24 A closer look reveals, however, that blogs are not like diaries or other forms of printed life writing. In contrast to most published diaries, for example, blogs are largely unedited. When published by the author, diaries are usually revised—uneventful or too private entries may be removed, passages may be shortened, and explanations and comments for the audience may be added. Blogs, by contrast, are published almost immediately, and this sense of immediacy clearly distinguishes them from the private seclusion of diaries. In addition, even if a diary is published unedited (as it is sometimes the case with posthumously published diaries), diaries follow the natural flow of events: they start at a certain date and move forward in a chronological order. Reading diaries is a linear activity in consequence since nothing interrupts the consecutive description of experience. Blogs, by contrast, are published simultaneously chronologically (as one and the same entry is to be read from top to bottom and follows a chronological order) and in reverse-chronological order (as the newest entry can be found at the top of the page). In addition, rather than linearly describing experience, blogs often work on several levels at once. Hyperlinks, for example, can connect the different sections of a webpage, and they can also incorporate other webpages, directing the reader to entirely new narratives and opening up alternative itineraries of reading. Moreover, the readers of a blog often create a collaborative text of their own in the webpage’s guestbook. This alternative text comments on the blog and sometimes extends it (hyperlinks, additional narratives, etc.), but it is, in turn, also often picked up and commented on by the blog’s author in his or her entries. This interactive structure also clearly distinguishes blogs from diaries or any other form of life writing.

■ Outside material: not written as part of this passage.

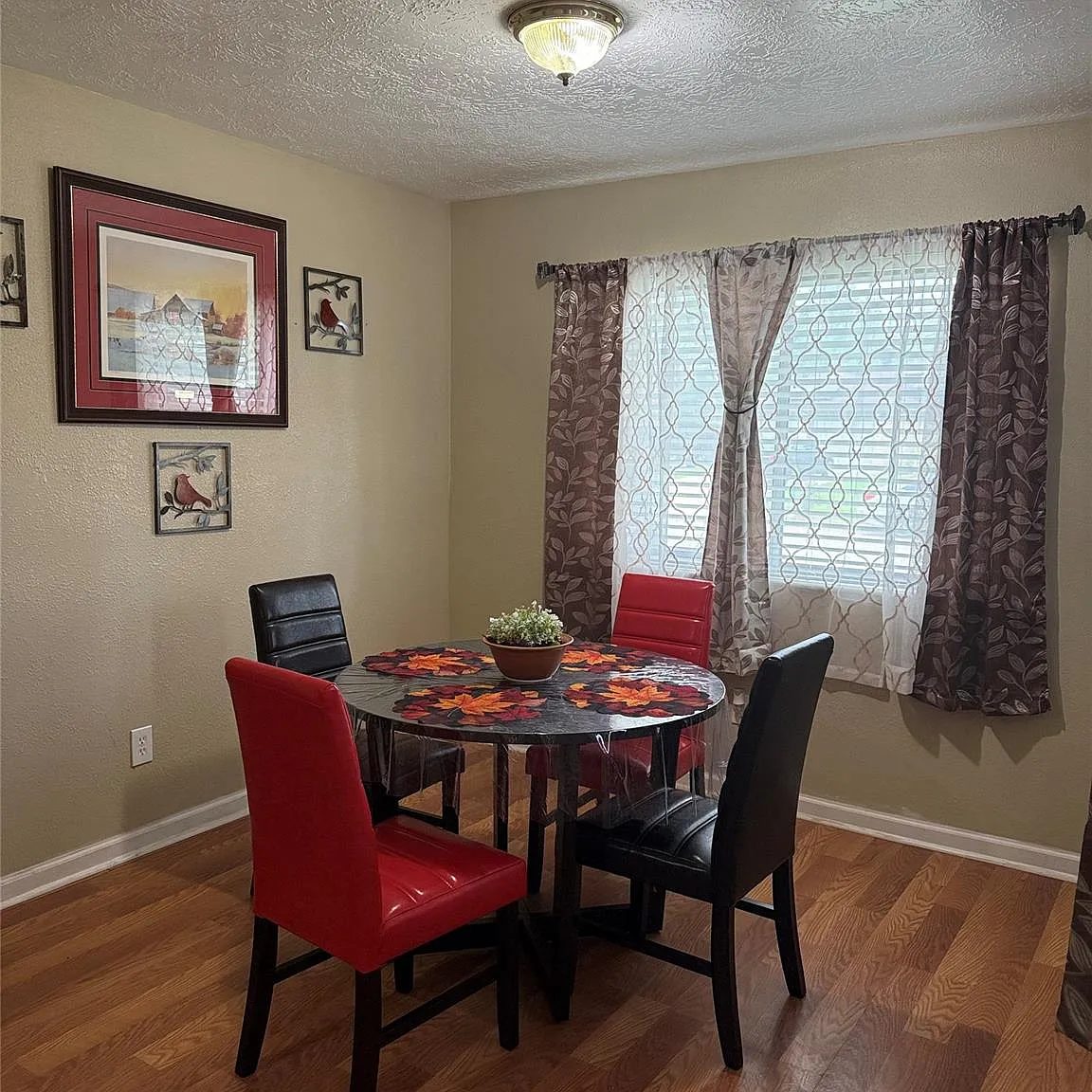 3 bed, 2.0 bath, 1236 sqft, $2,200 — Photo 4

25 Unimportant as they may seem, these differences between blogs and traditional forms of life writing are important because they redefine the narrative process. As illustrated in the previous sections, writing can help writers to deal with their grief because the process of telling a story in retrospect facilitates narrativization. Narrativization can reestablish coherence, and it can help the writer to interpret his or her own story and thereby to provide it with meaning. As the writing process in a blog is fragmented (separate updates covering a very limited amount of time) and directed from a limited point of view (no considerable temporal distance to the events described), narrativization is not—or only in a very limited way—possible in a blog.